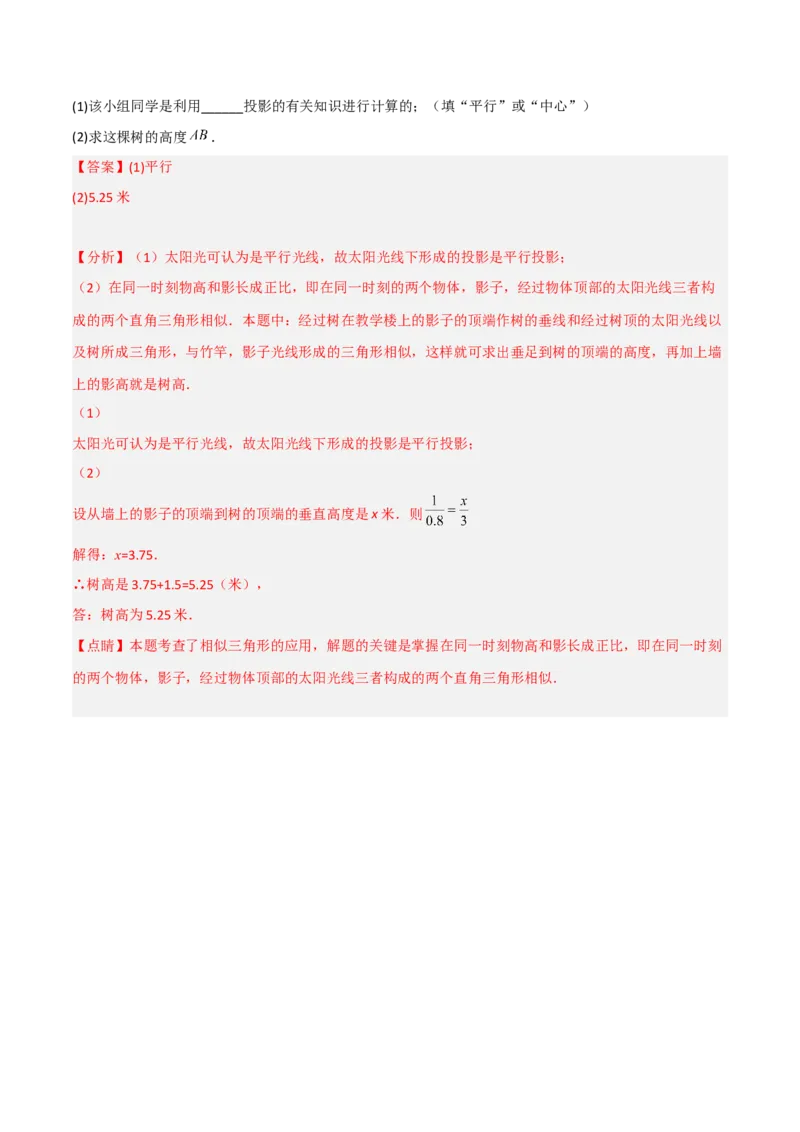 5.1投影（分层练习）（解析版）_北师大初中数学_9上-北师大版初中数学_05习题试卷_1课时练习_同步练习（第1套）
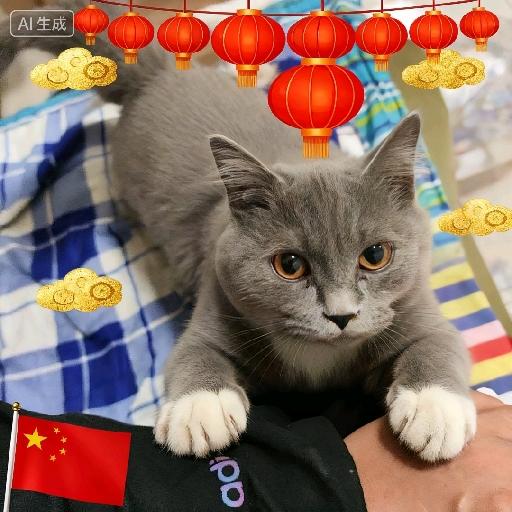 白泽3344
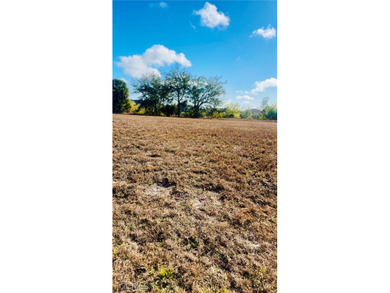 Spacious freshwater canal lot located in a fast-growing area of - photo 3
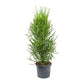 Pencil Cactus - Live Plant in a 10 Inch Pot - Euphorbia Tirucalli - Beautiful Indoor Outdoor Succulent Houseplant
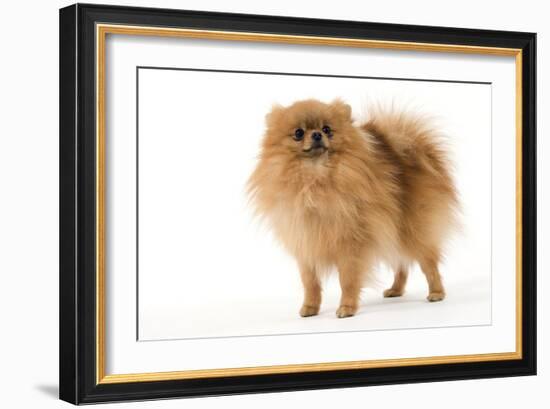 Dwarf Spitz-null-Framed Photographic Print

# WHAT IS REQUIRED:
Your answer should hold only the lines from the line with "Spacious freshwater canal" through the closing line of the records, restated exactly and free of pictures.

# SOLUTION:
 Spacious freshwater canal lot located in a fast-growing area of - photo 3
 Pencil Cactus - Live Plant in a 10 Inch Pot - Euphorbia Tirucalli - Beautiful Indoor Outdoor Succulent Houseplant
 Dwarf Spitz-null-Framed Photographic Print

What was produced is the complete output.